[WHAT YOU HAVE TO DO]: Would you reproduce each line below exactly, leaving every picture out?

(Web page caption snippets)
+ + + +
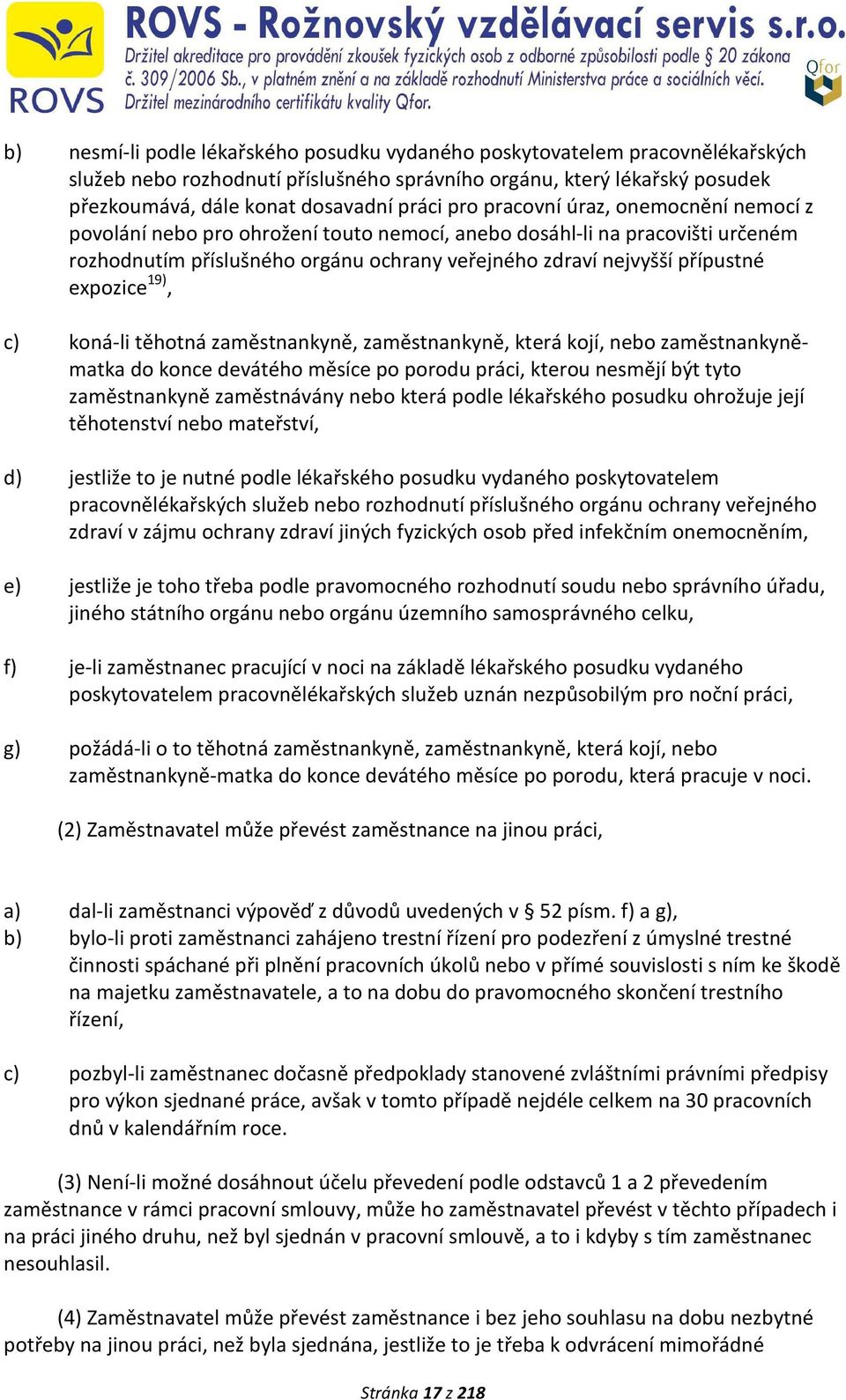 19), c) koná-li těhotná zaměstnankyně, zaměstnankyně, která kojí, nebo zaměstnankyněmatka do konce devátého měsíce po porodu práci, kterou nesmějí být tyto zaměstnankyně zaměstnávány nebo která podle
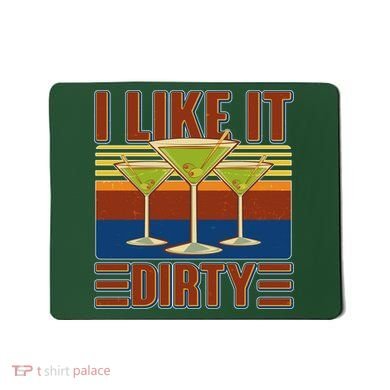 Vintage Funny I Like It Dirty Martini Drinks Mousepad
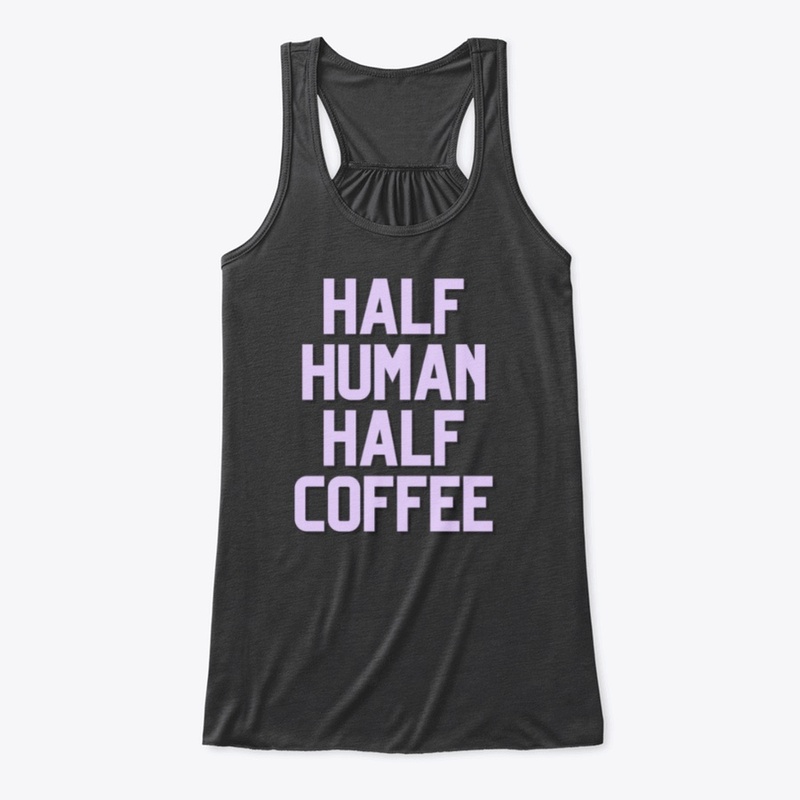 Half Human Half Coffee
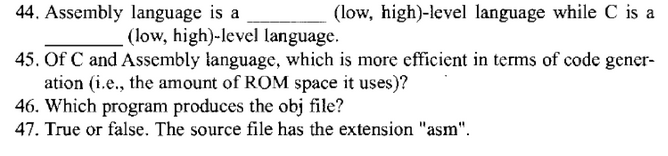 Assembly language is a (low, high)-level language while C is a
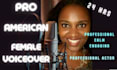 record a professional, american female voice over in 24hrs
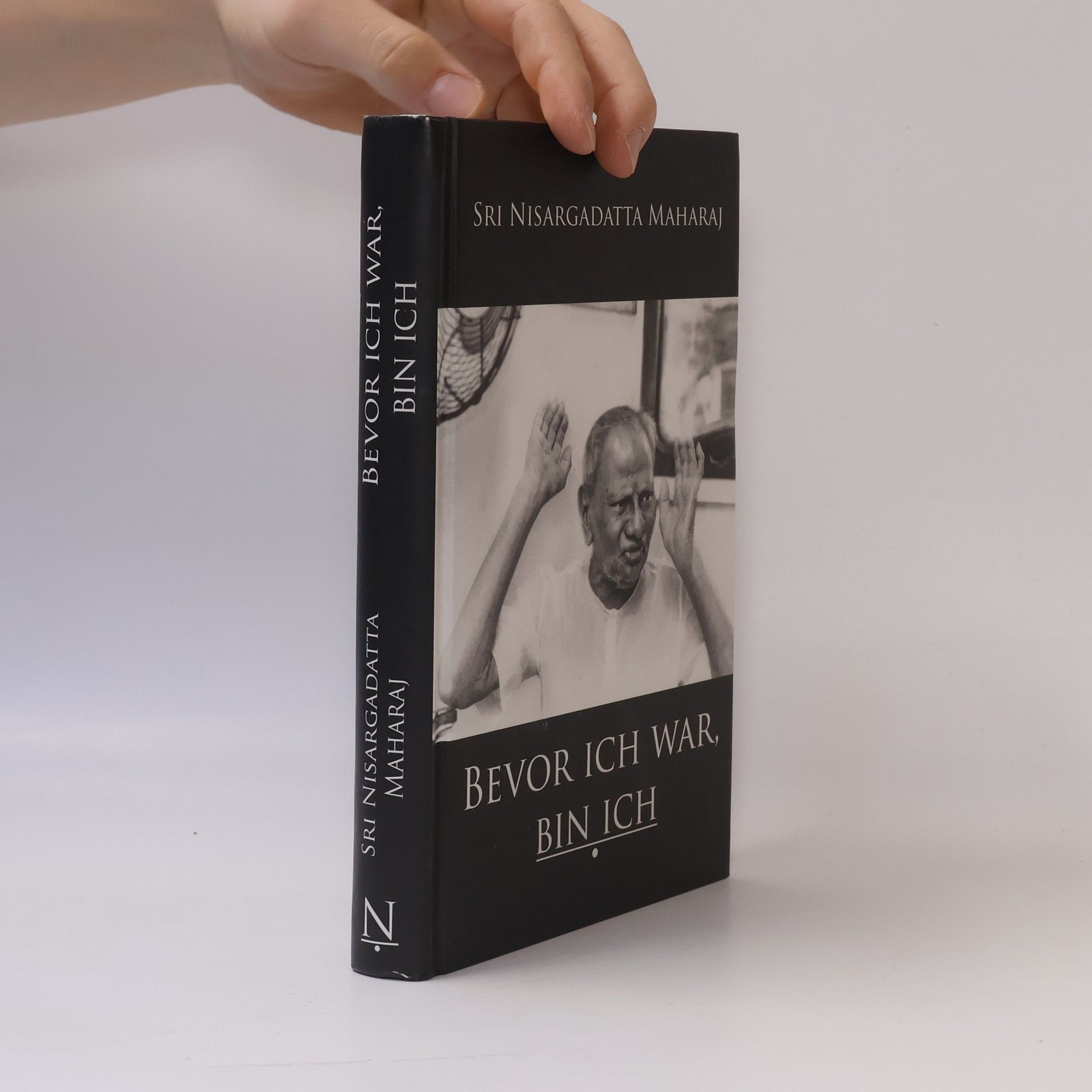 Sri Nisargadatta Maharaj Bevor ich war, bin ich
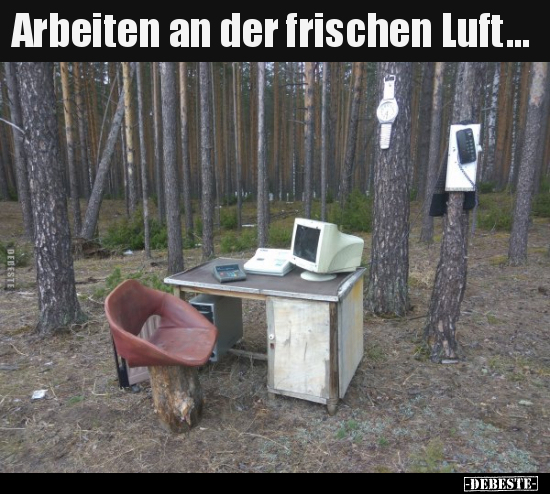 Arbeiten an der frischen Luft...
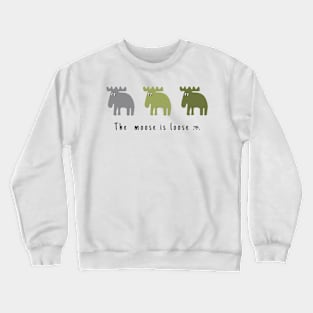 3 strong Mooses Crewneck Sweatshirt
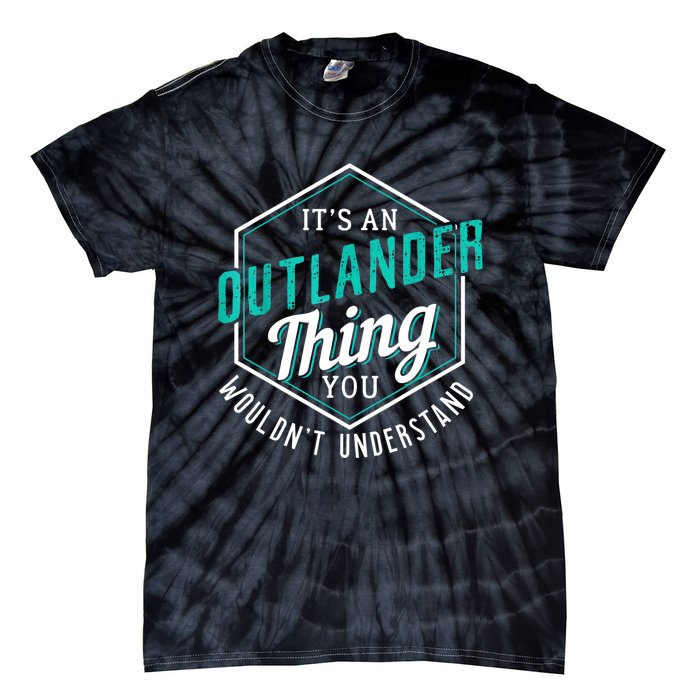 It's Outlander Thing You Wouldn't Understand Tie-Dye T-Shirt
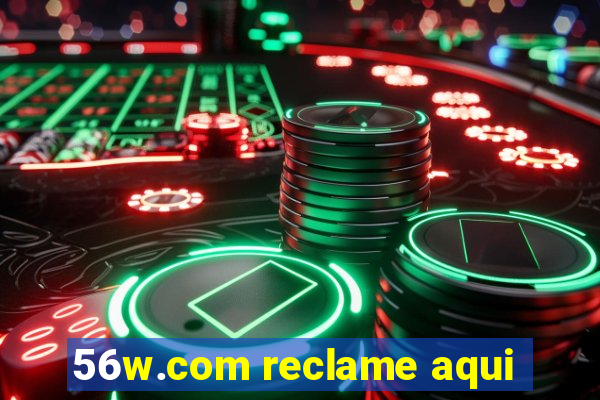 56w.com reclame aqui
+ + + +
[RESULT BELOW]:
 19), c) koná-li těhotná zaměstnankyně, zaměstnankyně, která kojí, nebo zaměstnankyněmatka do konce devátého měsíce po porodu práci, kterou nesmějí být tyto zaměstnankyně zaměstnávány nebo která podle
 Vintage Funny I Like It Dirty Martini Drinks Mousepad
 Half Human Half Coffee
 Assembly language is a (low, high)-level language while C is a
 record a professional, american female voice over in 24hrs
 Sri Nisargadatta Maharaj Bevor ich war, bin ich
 Arbeiten an der frischen Luft...
 3 strong Mooses Crewneck Sweatshirt
 It's Outlander Thing You Wouldn't Understand Tie-Dye T-Shirt
 56w.com reclame aqui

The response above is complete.